I have noticed that all filter taps from the firdes class are normalized by dividing them over the sum of all taps magnitude, as shown in the example below for Gaussian Filter. Is this normalization meant to keep the filter unit energy (or power)? and if that is the case, what is the mathematical justification for doing so in this way?

vector<float> firdes::gaussian(double gain, double spb, double bt, int ntaps)
{
vector<float> taps(ntaps);
double scale = 0;
double dt = 1.0 / spb;
double s = 1.0 / (sqrt(log(2.0)) / (2 * GR_M_PI * bt));
double t0 = -0.5 * ntaps;
double ts;
for (int i = 0; i < ntaps; i++) {
t0++;
ts = s * dt * t0;
taps[i] = exp(-0.5 * ts * ts);
scale += taps[i];
}
for (int i = 0; i < ntaps; i++)
taps[i] = taps[i] / scale * gain;

return taps;
}

• Looks like $0$ dB gain at DC to me. Commented Jul 30, 2021 at 0:43

I have noticed that all filter taps from the firdes class are normalized by dividing them over the sum of all taps magnitude

Not strictly:

for (int i = 0; i < ntaps; i++)
taps[i] = taps[i] / scale * gain;


is not summing over the magnitude, but over the taps.

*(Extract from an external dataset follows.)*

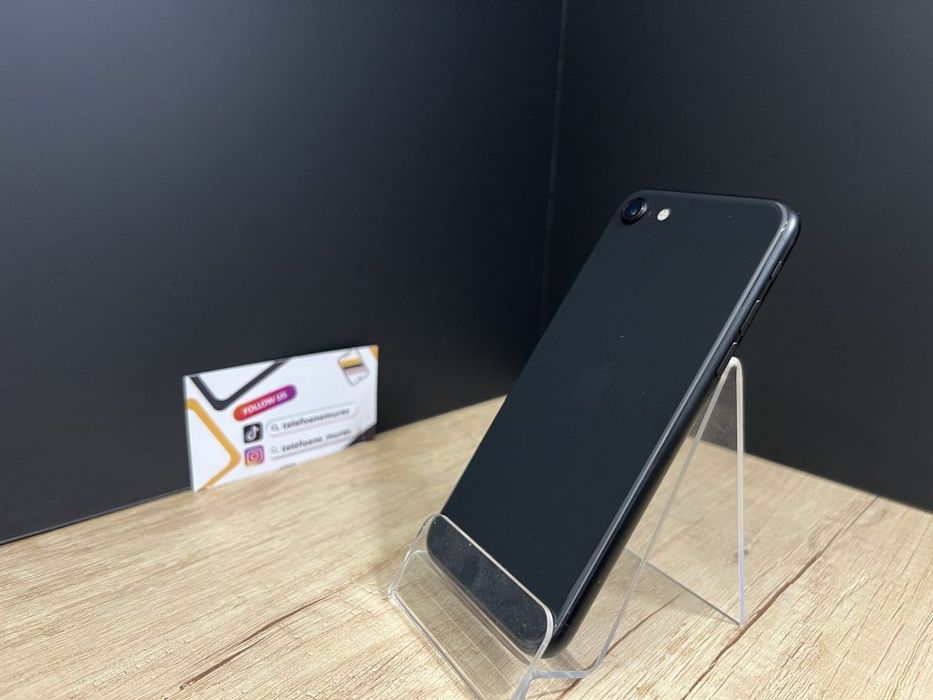 iPhone SE(2020) 128Gb Black Second-Hand Bun 3 ani garanție, Telefoane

(doesn't make a difference here, all these taps are positive real numbers, but for other filters it would.)

So, @AndyWalls is right, this is the DC gain, and you're normalizing this low-pass filter to have gain 1 at 0 Hz.

Think about this for a moment: when you feed in a constant streams of "1", what value do you want to get?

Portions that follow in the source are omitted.